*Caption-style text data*

***

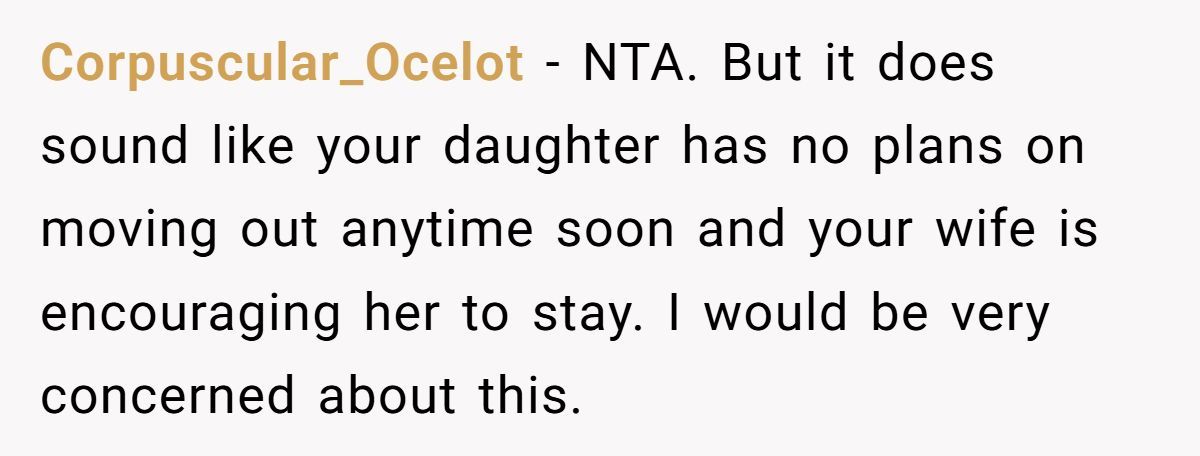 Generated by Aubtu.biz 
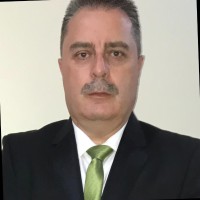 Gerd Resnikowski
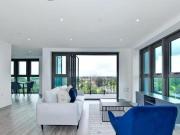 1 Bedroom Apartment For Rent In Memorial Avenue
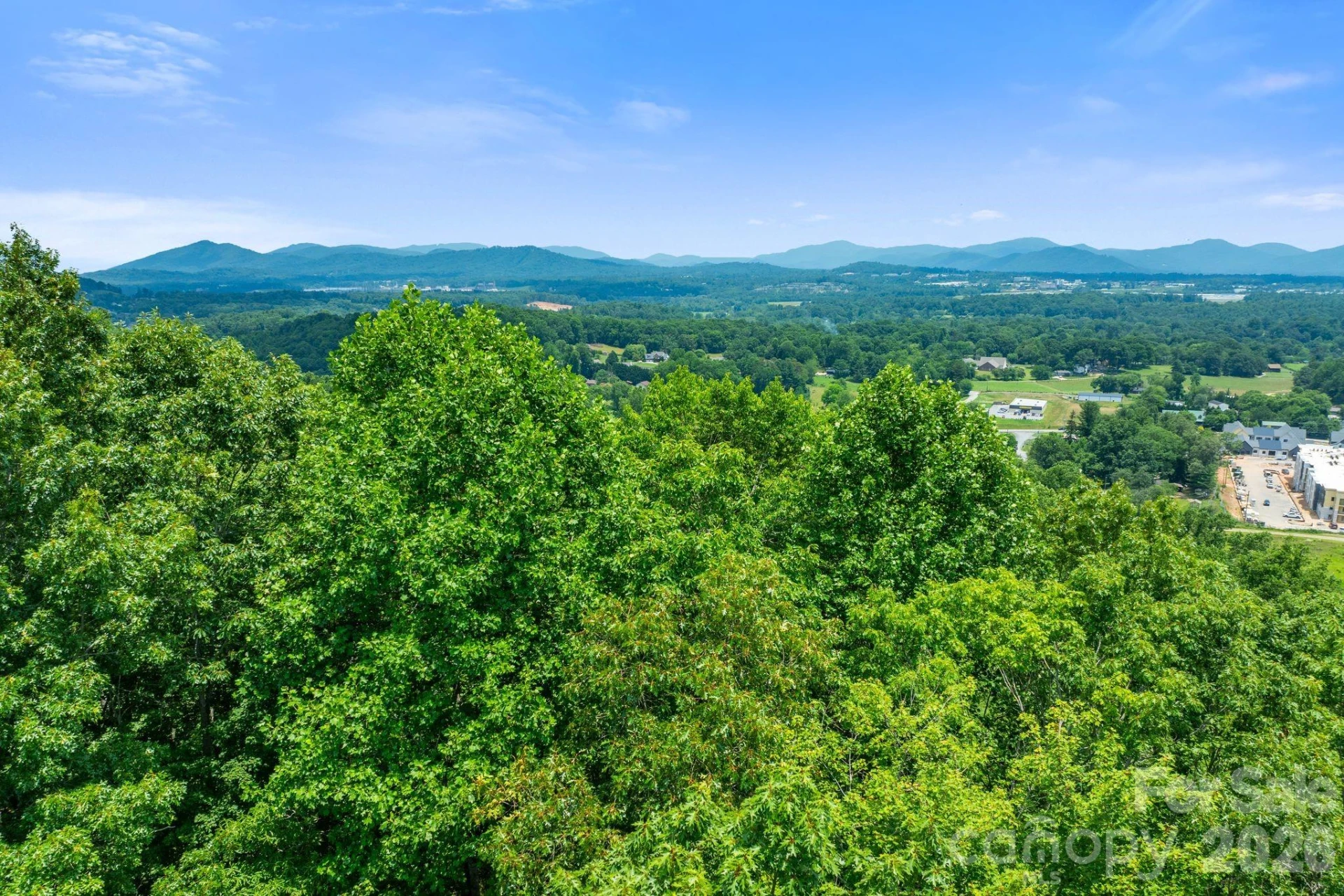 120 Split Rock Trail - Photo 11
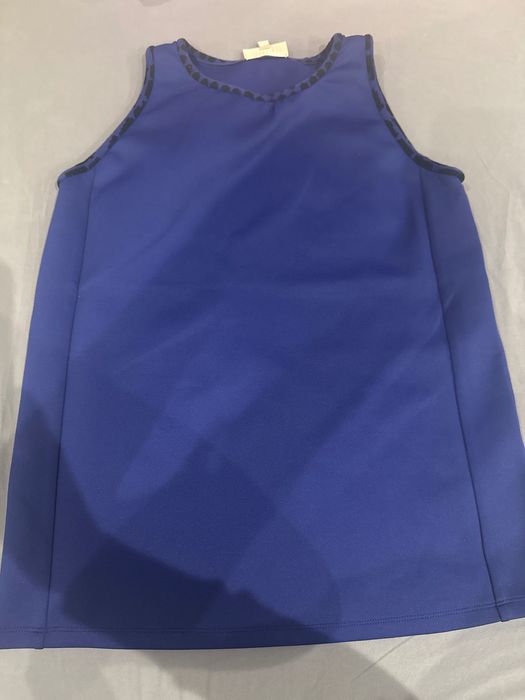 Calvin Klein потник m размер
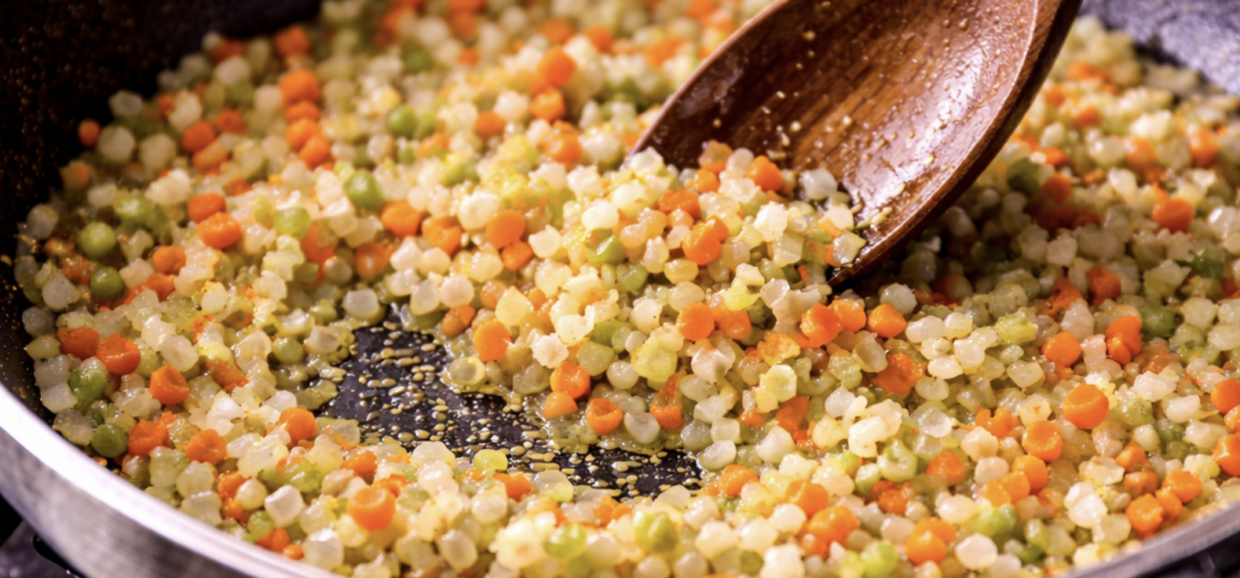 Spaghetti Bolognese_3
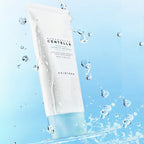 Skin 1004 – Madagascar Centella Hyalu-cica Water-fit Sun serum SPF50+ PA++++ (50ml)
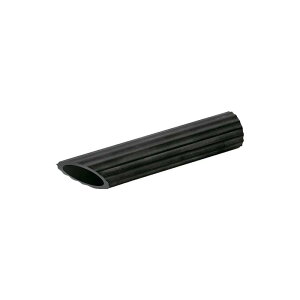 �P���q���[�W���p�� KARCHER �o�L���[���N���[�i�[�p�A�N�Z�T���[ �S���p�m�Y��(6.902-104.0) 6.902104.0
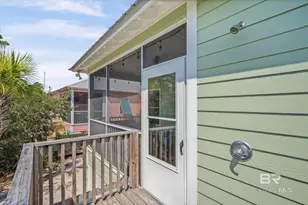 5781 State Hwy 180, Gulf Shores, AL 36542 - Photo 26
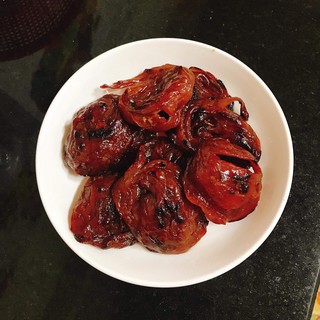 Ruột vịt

***

*REQUIRED ACTION*
Your reply should give again exactly the lines from the one with "120 Split Rock Trail - Photo 11" through the last line of the data, with both ends included and pictures left out.

*SOLUTION TO THIS TASK*
 120 Split Rock Trail - Photo 11
 Calvin Klein потник m размер
 Spaghetti Bolognese_3
 Skin 1004 – Madagascar Centella Hyalu-cica Water-fit Sun serum SPF50+ PA++++ (50ml)
 �P���q���[�W���p�� KARCHER �o�L���[���N���[�i�[�p�A�N�Z�T���[ �S���p�m�Y��(6.902-104.0) 6.902104.0
 5781 State Hwy 180, Gulf Shores, AL 36542 - Photo 26
 Ruột vịt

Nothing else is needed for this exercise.